▶ [Image-caption web data]:
------------------------

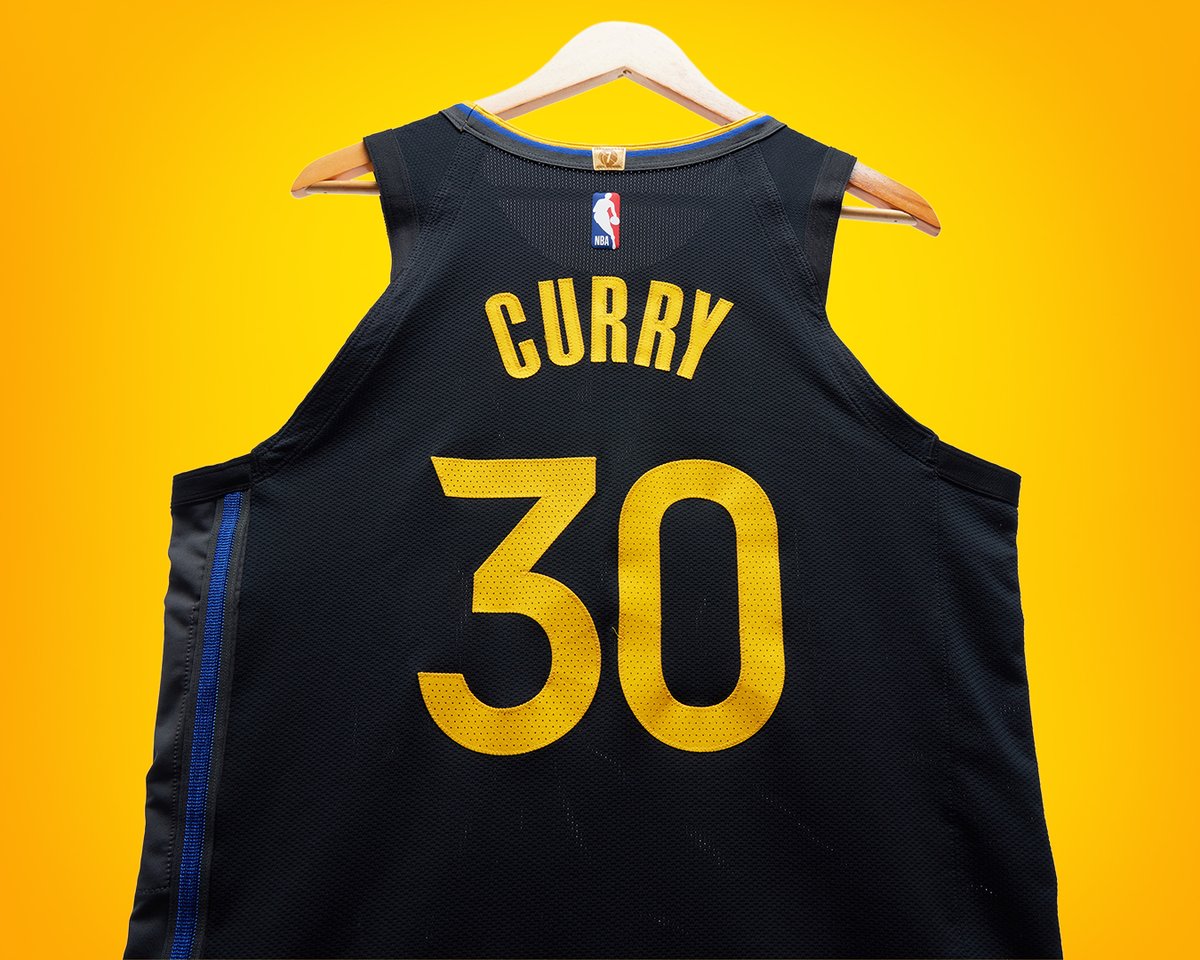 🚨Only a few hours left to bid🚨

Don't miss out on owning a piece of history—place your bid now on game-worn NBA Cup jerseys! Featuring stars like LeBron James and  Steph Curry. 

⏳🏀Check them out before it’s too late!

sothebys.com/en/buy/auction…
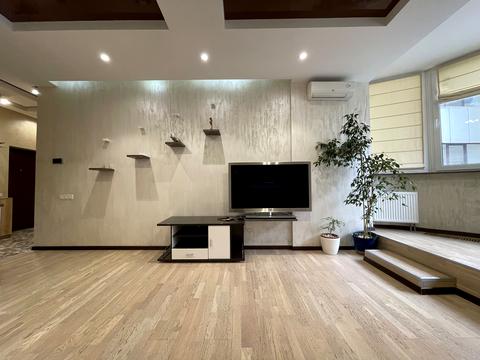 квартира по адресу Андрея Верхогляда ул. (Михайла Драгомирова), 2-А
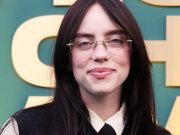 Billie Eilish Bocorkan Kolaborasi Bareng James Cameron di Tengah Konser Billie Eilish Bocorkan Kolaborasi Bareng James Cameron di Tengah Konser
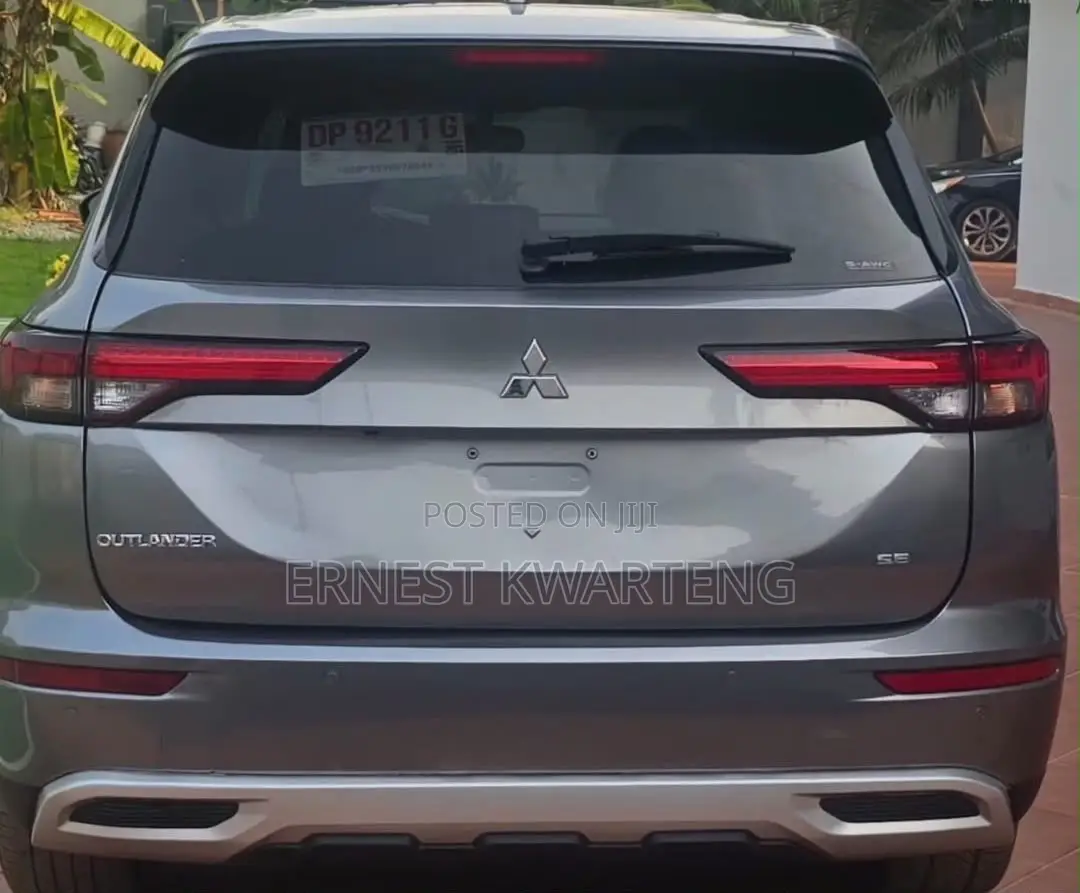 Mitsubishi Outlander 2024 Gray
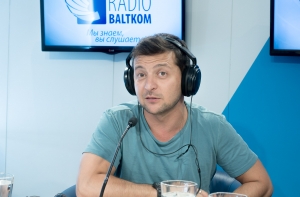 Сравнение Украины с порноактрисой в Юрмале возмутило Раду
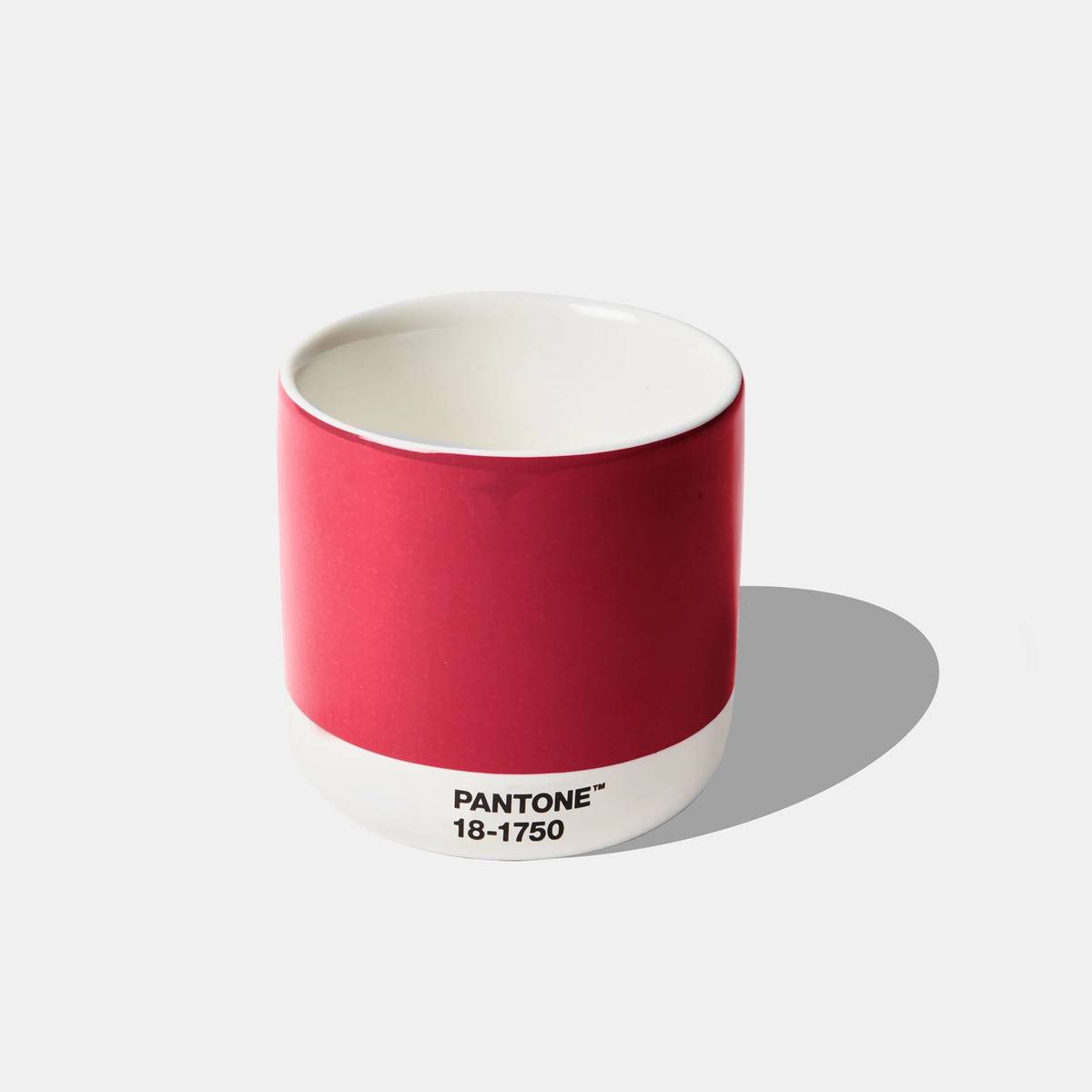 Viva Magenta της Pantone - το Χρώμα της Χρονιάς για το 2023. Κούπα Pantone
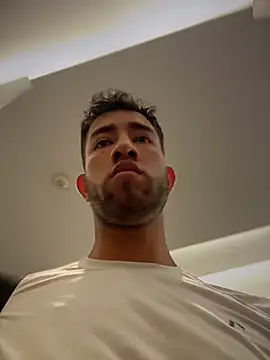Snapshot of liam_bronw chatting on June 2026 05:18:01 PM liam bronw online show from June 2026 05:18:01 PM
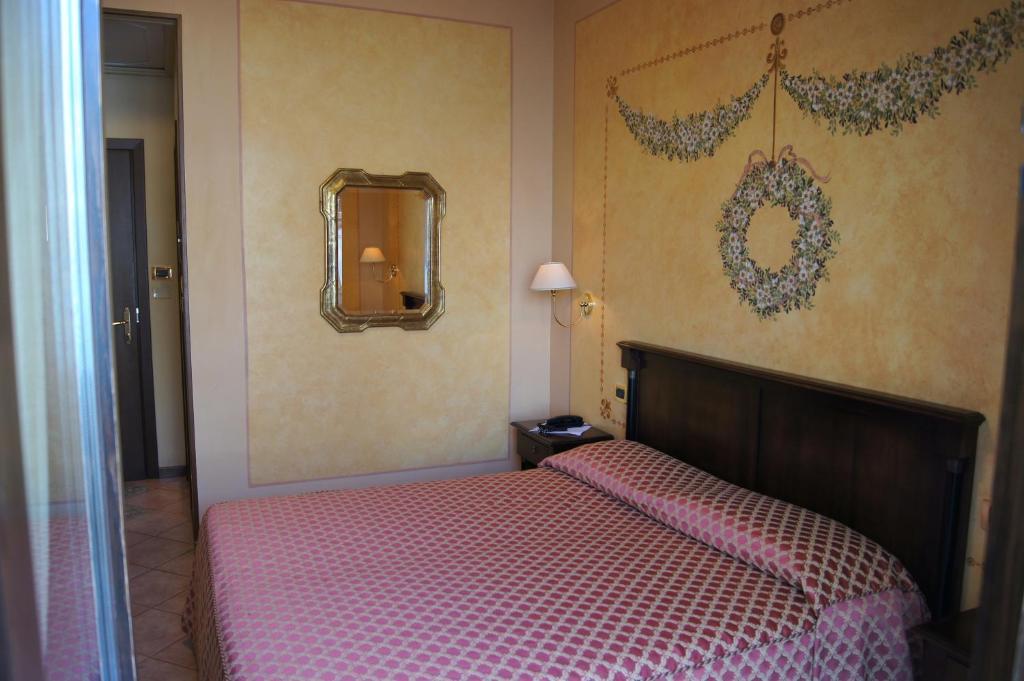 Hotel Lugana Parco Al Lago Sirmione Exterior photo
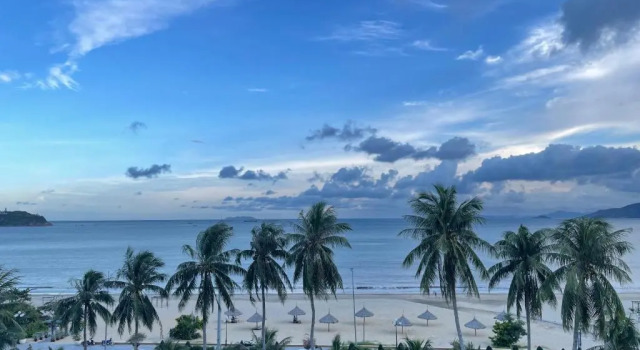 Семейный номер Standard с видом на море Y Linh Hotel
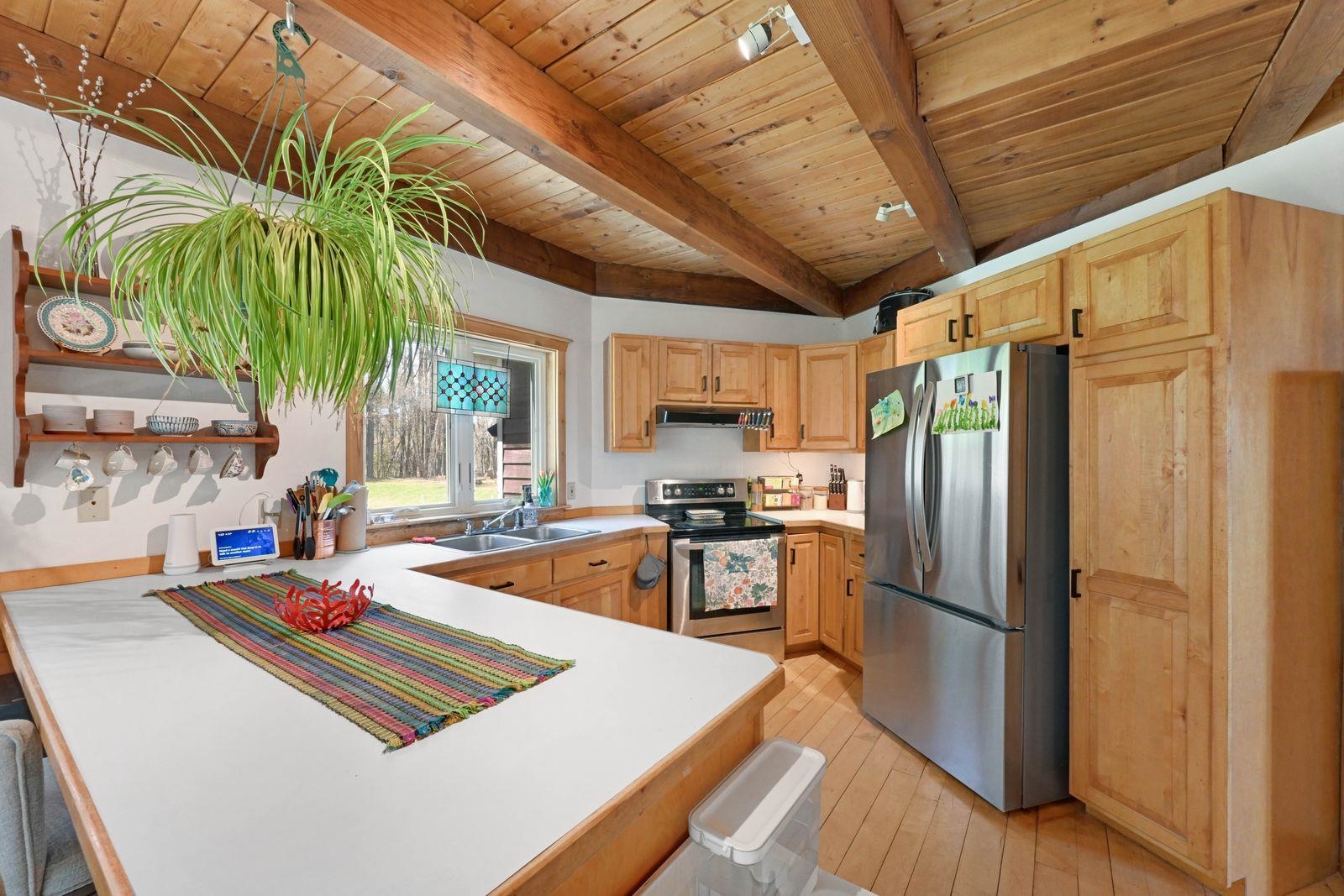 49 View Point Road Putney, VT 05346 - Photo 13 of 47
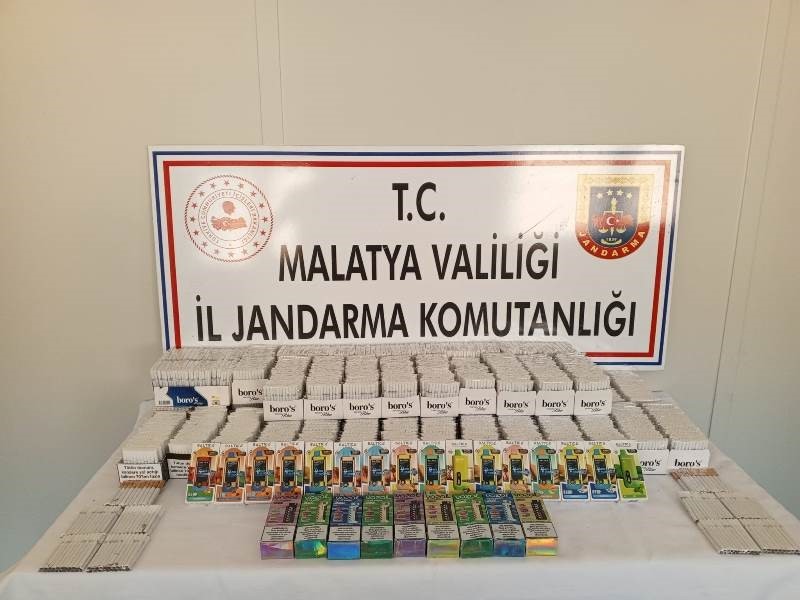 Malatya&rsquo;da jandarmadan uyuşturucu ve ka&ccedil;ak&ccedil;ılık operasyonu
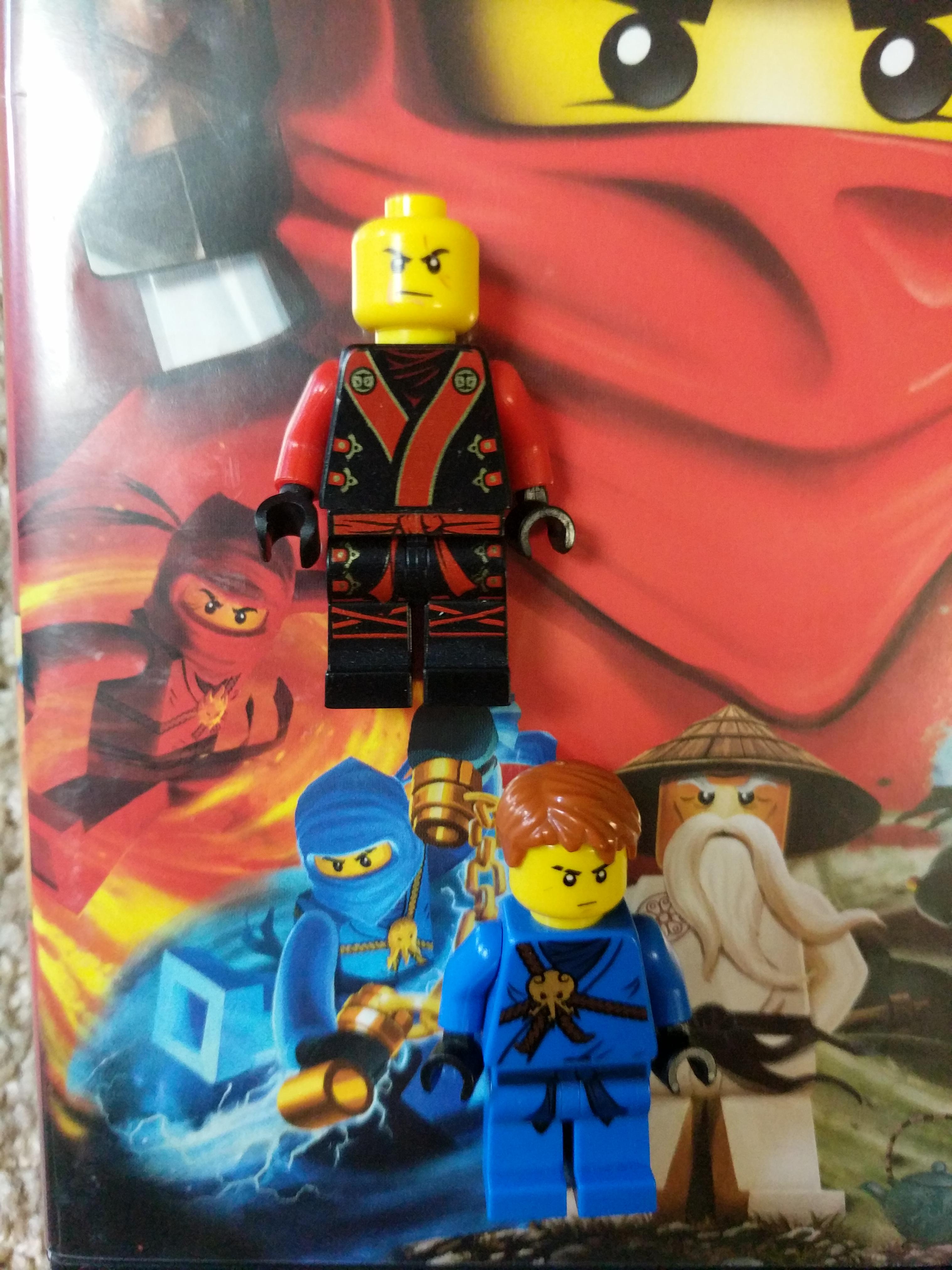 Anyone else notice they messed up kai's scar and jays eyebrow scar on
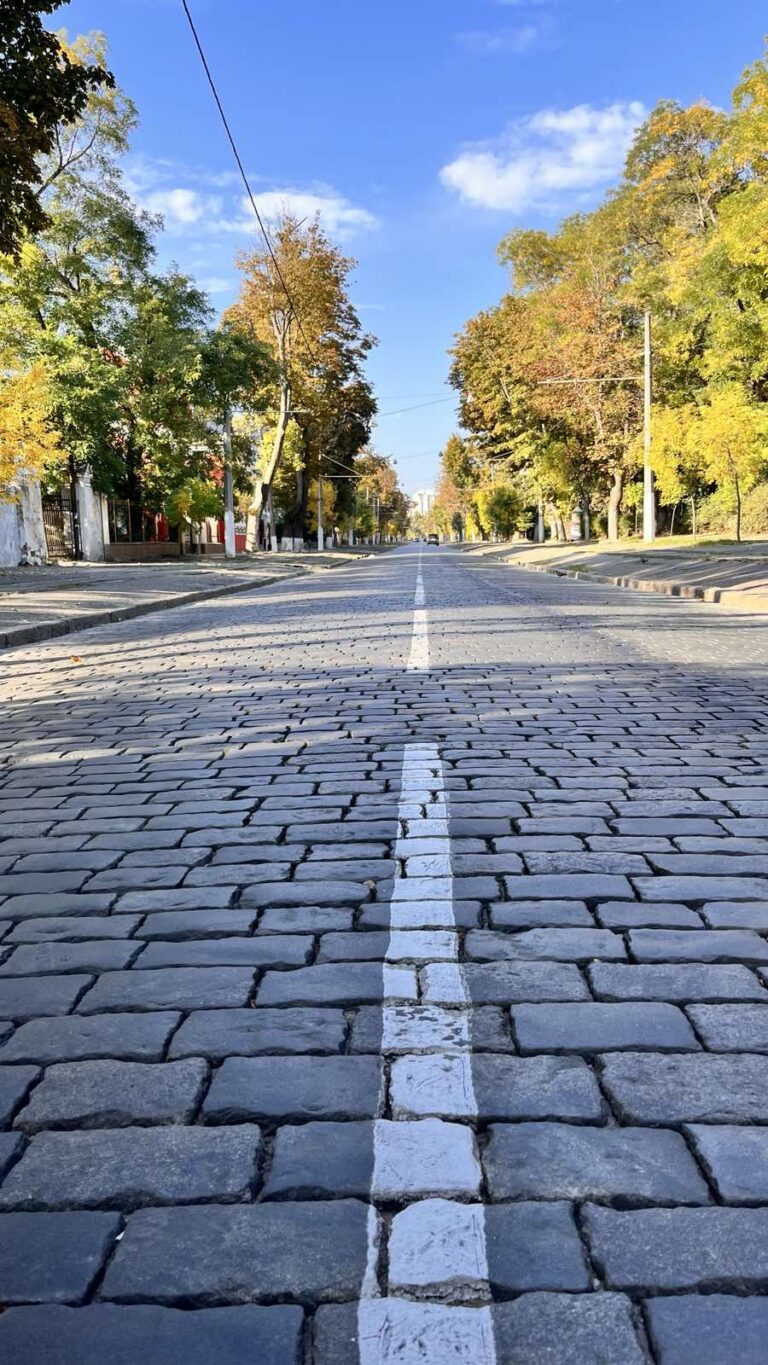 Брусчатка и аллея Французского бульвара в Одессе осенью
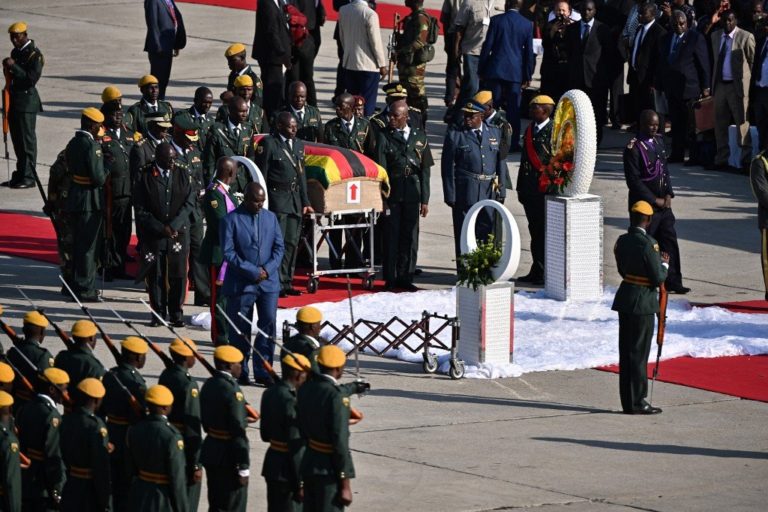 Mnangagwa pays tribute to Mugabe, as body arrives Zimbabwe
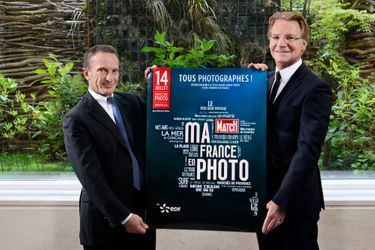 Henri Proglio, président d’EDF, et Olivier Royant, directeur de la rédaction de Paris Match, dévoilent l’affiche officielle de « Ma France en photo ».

------------------------

▶ [How to complete this task]:
Retype each of the entries above exactly as it appears, with no pictures.

▶ [Your solution]:
 🚨Only a few hours left to bid🚨

Don't miss out on owning a piece of history—place your bid now on game-worn NBA Cup jerseys! Featuring stars like LeBron James and  Steph Curry. 

⏳🏀Check them out before it’s too late!

sothebys.com/en/buy/auction…
 квартира по адресу Андрея Верхогляда ул. (Михайла Драгомирова), 2-А
 Billie Eilish Bocorkan Kolaborasi Bareng James Cameron di Tengah Konser Billie Eilish Bocorkan Kolaborasi Bareng James Cameron di Tengah Konser
 Mitsubishi Outlander 2024 Gray
 Сравнение Украины с порноактрисой в Юрмале возмутило Раду
 Viva Magenta της Pantone - το Χρώμα της Χρονιάς για το 2023. Κούπα Pantone
Snapshot of liam_bronw chatting on June 2026 05:18:01 PM liam bronw online show from June 2026 05:18:01 PM
 Hotel Lugana Parco Al Lago Sirmione Exterior photo
 Семейный номер Standard с видом на море Y Linh Hotel
 49 View Point Road Putney, VT 05346 - Photo 13 of 47
 Malatya&rsquo;da jandarmadan uyuşturucu ve ka&ccedil;ak&ccedil;ılık operasyonu
 Anyone else notice they messed up kai's scar and jays eyebrow scar on
 Брусчатка и аллея Французского бульвара в Одессе осенью
 Mnangagwa pays tribute to Mugabe, as body arrives Zimbabwe
 Henri Proglio, président d’EDF, et Olivier Royant, directeur de la rédaction de Paris Match, dévoilent l’affiche officielle de « Ma France en photo ».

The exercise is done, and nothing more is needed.